Reproduce the lines below verbatim. Pictures are to be omitted.

Available data Start Marker

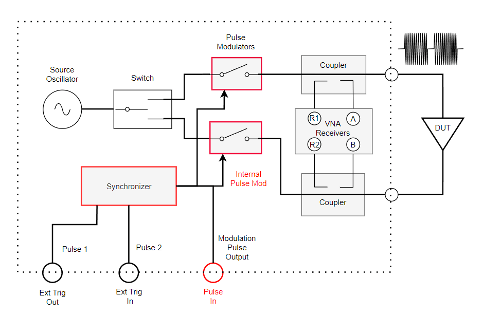 Pulse Connector Behavior, Synchronous Wide Band (Point in Pulse) Internally triggered mode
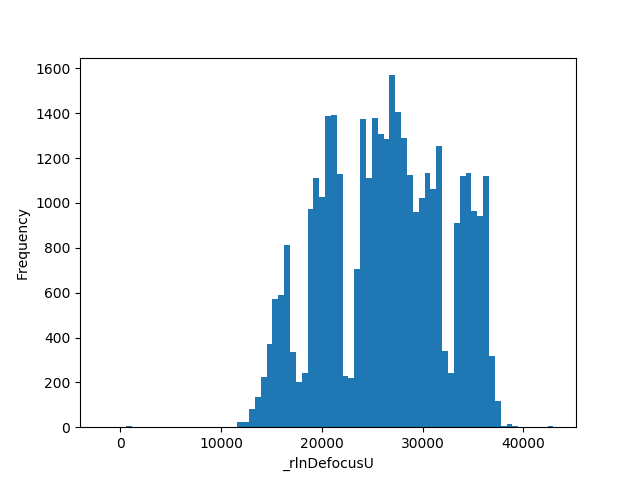 Defocus plot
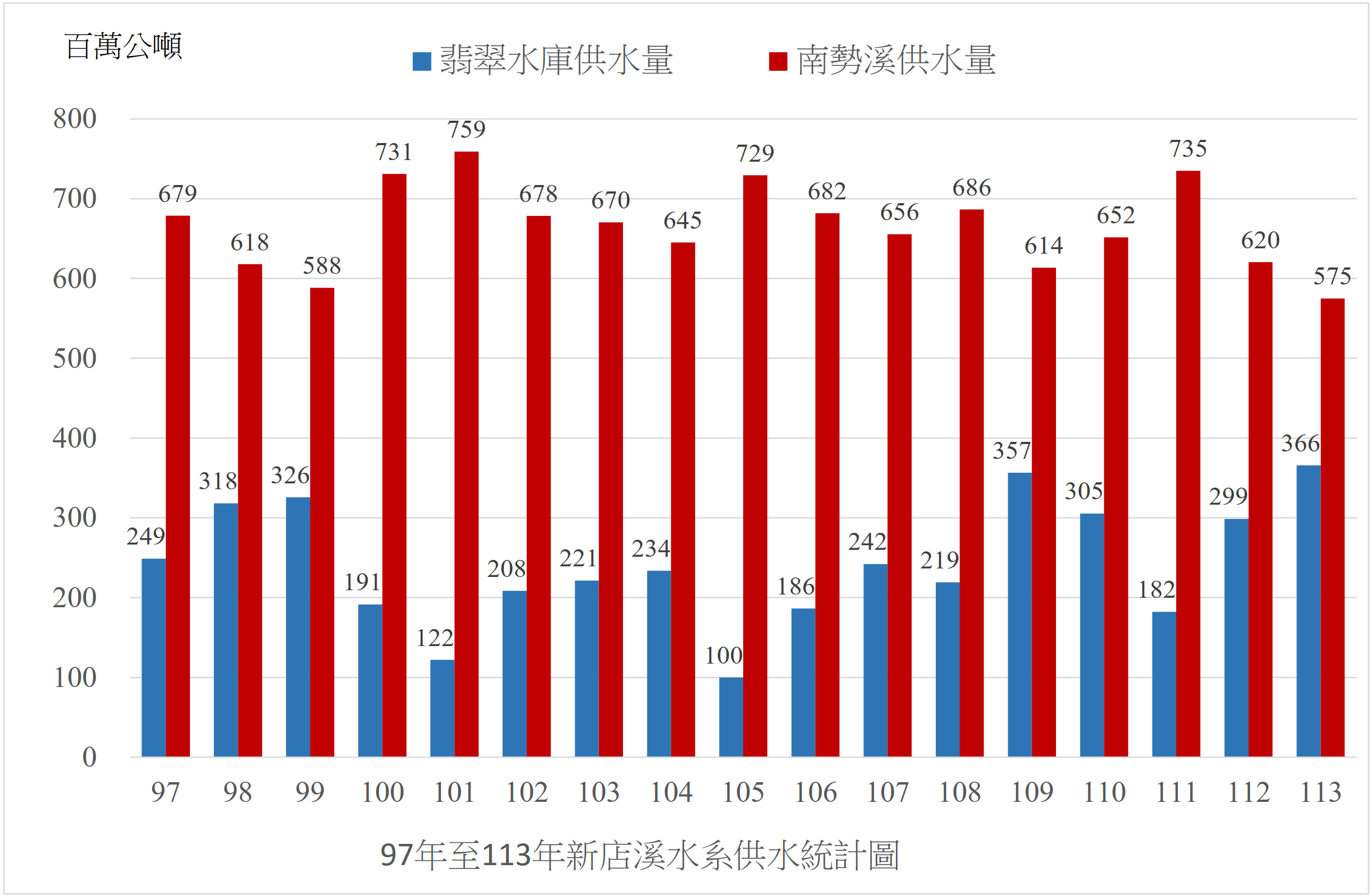 新店溪供水統計圖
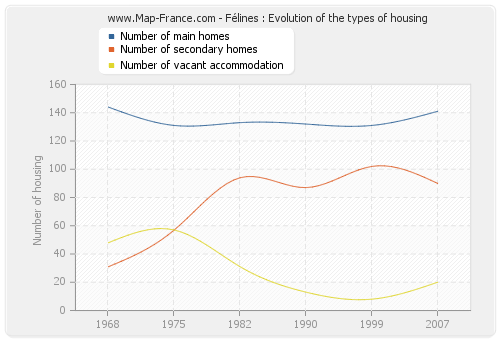 Félines : Evolution of the types of housing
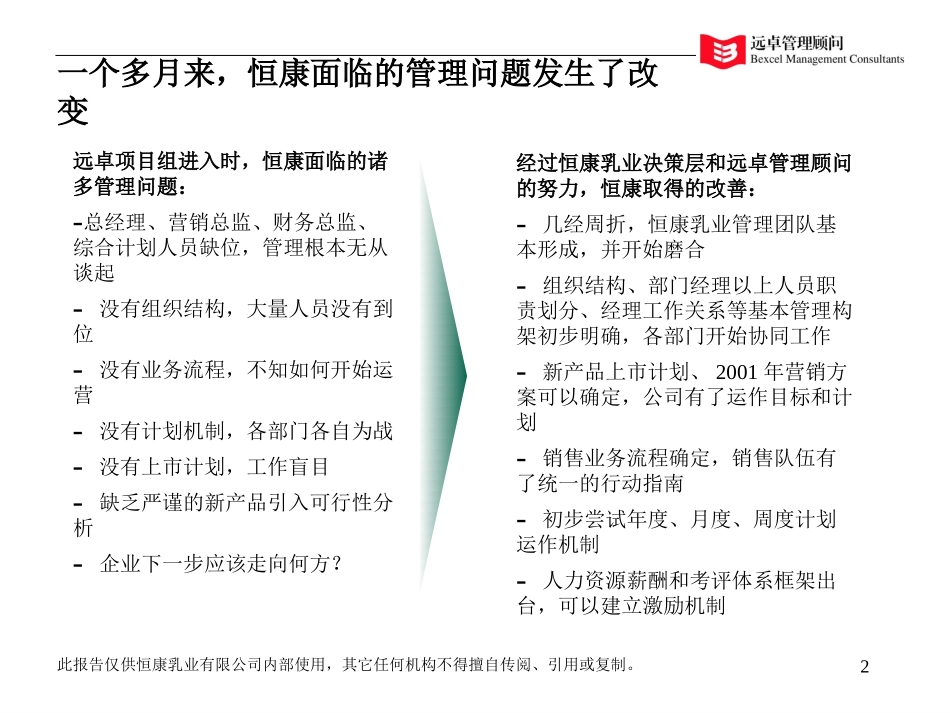 内控体系.ppt_第2页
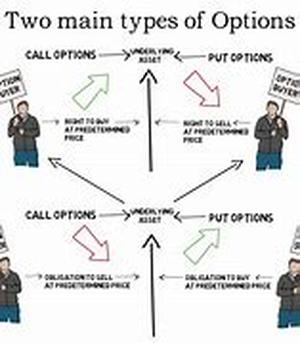 Options For People Seeking A Home Loan With Bad Credit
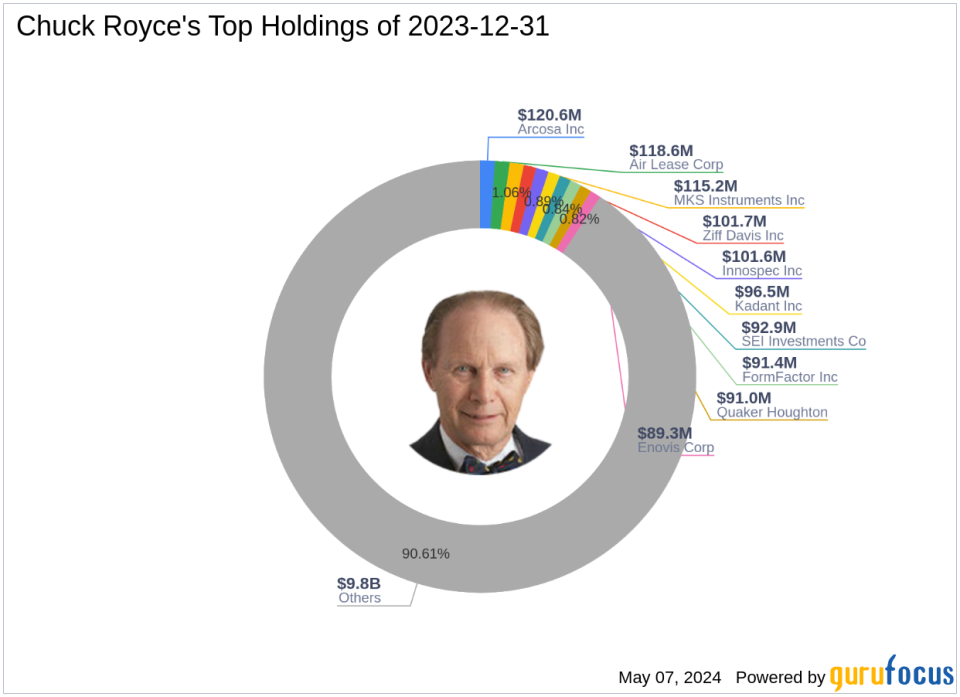 Chuck Royce's Strategic Acquisition of Lakeland Industries Shares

Available data End Marker

Exercise answer ::
 Pulse Connector Behavior, Synchronous Wide Band (Point in Pulse) Internally triggered mode
 Defocus plot
 新店溪供水統計圖
 Félines : Evolution of the types of housing
 内控体系.ppt_第2页
 Options For People Seeking A Home Loan With Bad Credit
 Chuck Royce's Strategic Acquisition of Lakeland Industries Shares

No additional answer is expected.